“HAPPY”
JOHN OLIVER.
The following article is from the Winfield
Courier of January 16, 1943.
“Happy” John Oliver, 78 year old Negro of
Arkansas City, who personally keeps happy 750 of Uncle Sam’s lads in uniform,
lived “the happiest day of my life” Wednesday when he spent the afternoon at
Strother army air field, new basic flying school located midway between
Arkansas City and Winfield.
It was Oliver’s first visit to any army
camp since the days of 1898, when he saw action in the Spanish-American War.
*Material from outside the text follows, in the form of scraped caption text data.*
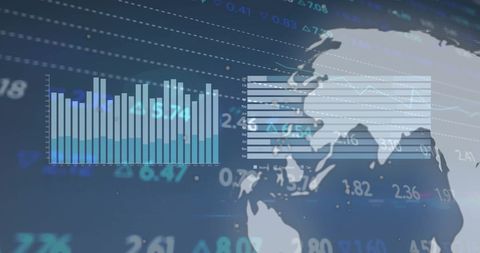 Global Financial Data Representation Over World Map - Download Free Stock Images Pikwizard.com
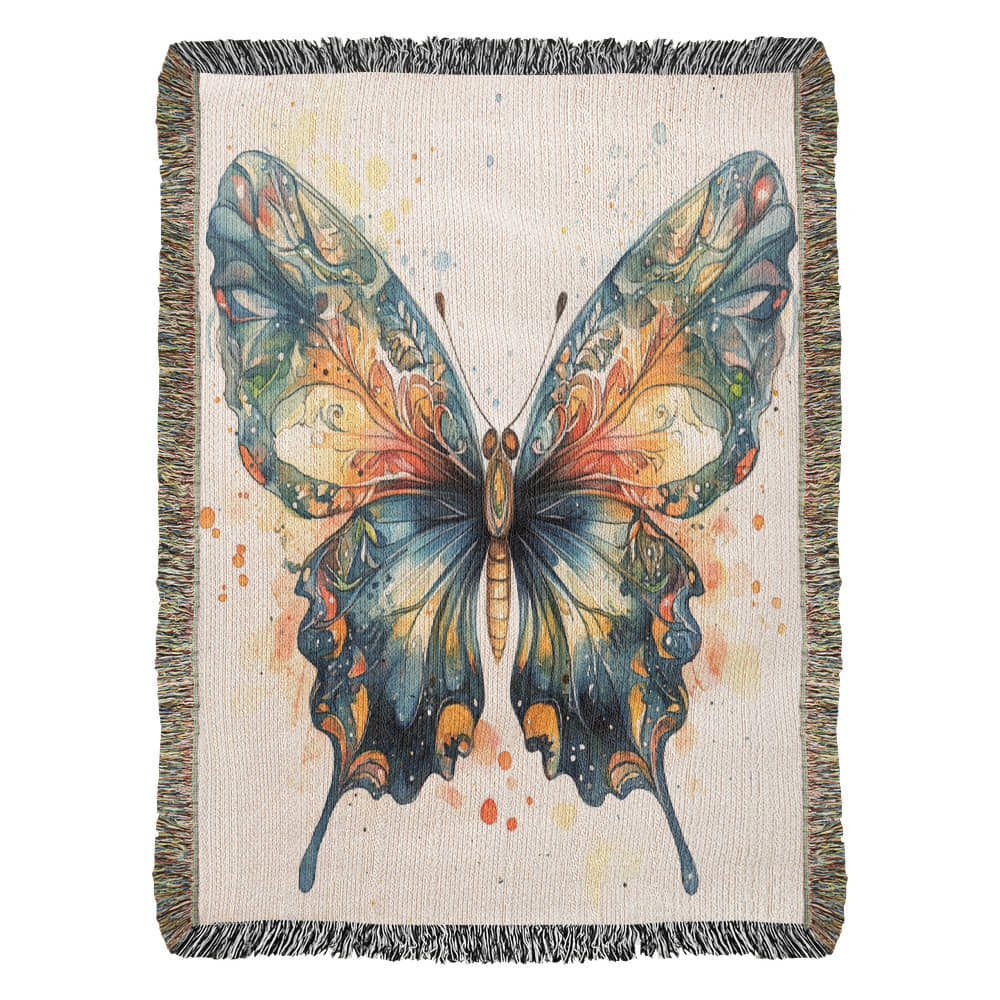 Metamorph Woven Blanket – Watercolor Butterfly in Motion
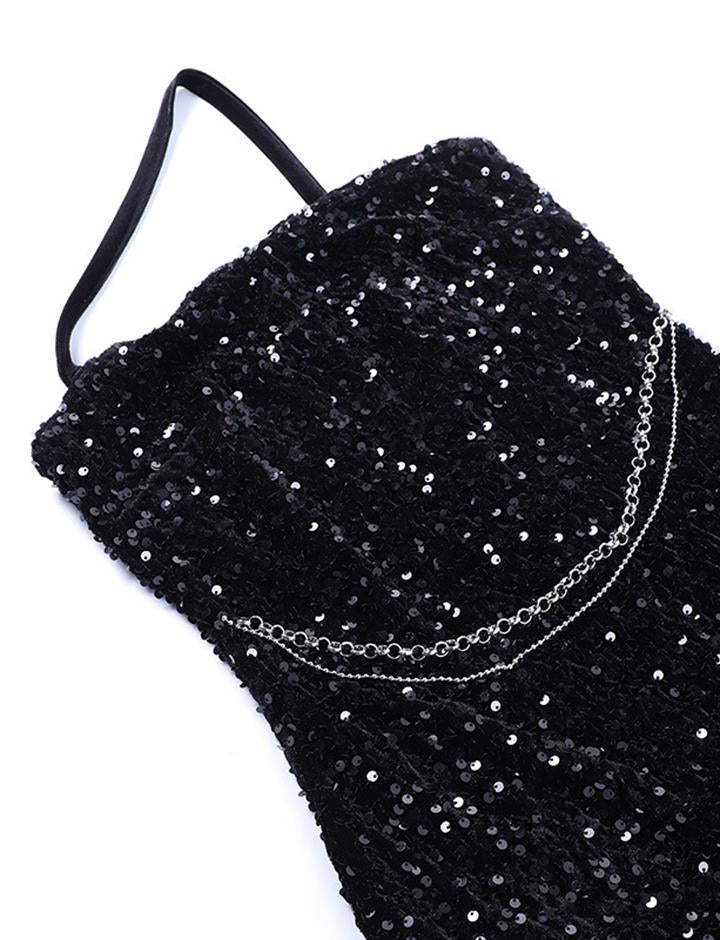 Sequins Halter Bodycon Slit Hem Black Prom Dress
Last year the venerable “Happy” mailed
out to the boys in the service all over the world over 700 cakes, and many
other gifts—cookies, candy, cigarettes, stationery—and he wrote them thousands
of cards and letters to do his part in keeping up their morale.
It’s been pretty tough going sometimes,
and one meal a day is about all he can afford, because “Happy’s” little shoe
shine parlor isn’t any gold mine. But to the many who wonder how he carries on,
he simply answers, “It’s a secret between God and me.”
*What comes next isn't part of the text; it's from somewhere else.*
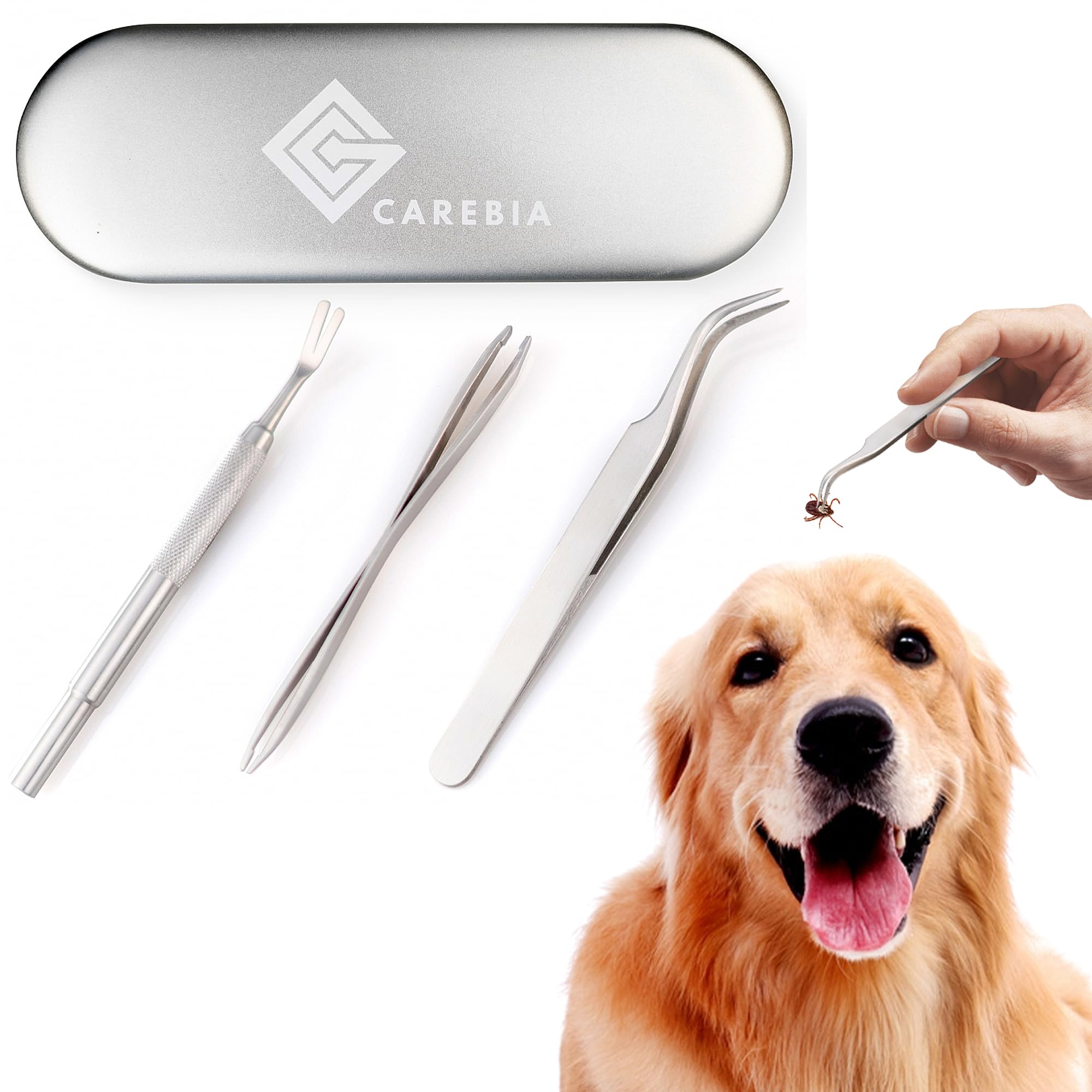 CarebiaPremium Stainless Steel Pet Tick Remover Tool Set of 3 - Durable, Washable & Reusable Tick Remover for Dogs - Set of Three Tick Pullers in Metal Case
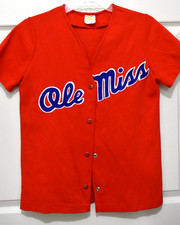 Vintage Ole Miss Rebels Russell Lady Rebels Nylon Jersey Size M, Snap Front picture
Strother field impressed “Happy” no end
and he watched the silver trainers zoom in for landings with a gleam in his
eye.
“I’m too young to fly, yet,” chuckled the
old Negro, who was born Feb. 29, 1864, a leap year, and thus has had only 18
birthdays. “When I get to be 20, I’ll go up.”
“Happy” visited every spot on the
field—the theater, the gym, the living quarters, the mess hall, and the chapel
which he described with bowed head as “the most beautiful place on the field..”
The cake idea isn’t a new one for “Happy,”
who is the original old black chef on the Cream of Wheat package. He began his
“hobby” in the last war, and merely picked up in 1942 where he left off. He
sent out two cakes a day every day of last year and during the recent Christmas
holidays, he bought and mailed dozens of fruit cakes, packed in marshmallows
and pop corn.
Most of “his” boys are from Arkansas
City, but there are 48 whom he doesn’t even know. The Arkansas City soldiers
sent him names of their buddies who didn’t get any mail and he now drops them a
card every day.
“I’m not doing half what these boys are
doing for us,” says old “Happy.” “They’re giving their lives so we can lie down
at night and sleep.”
“Happy” John Oliver reluctantly departed
from Strother field late in the afternoon, going only because he had “fo’teen
boys to take care of before I go to bed.” So back to his little shine shop he
went, unwilling to take “a hundred dollars fo’ this day.”
It’s open house at the Silver Dime shine
parlor anytime for “Happy’s” boys in uniform. Big, two-pound G. I. shoes are
his specialty.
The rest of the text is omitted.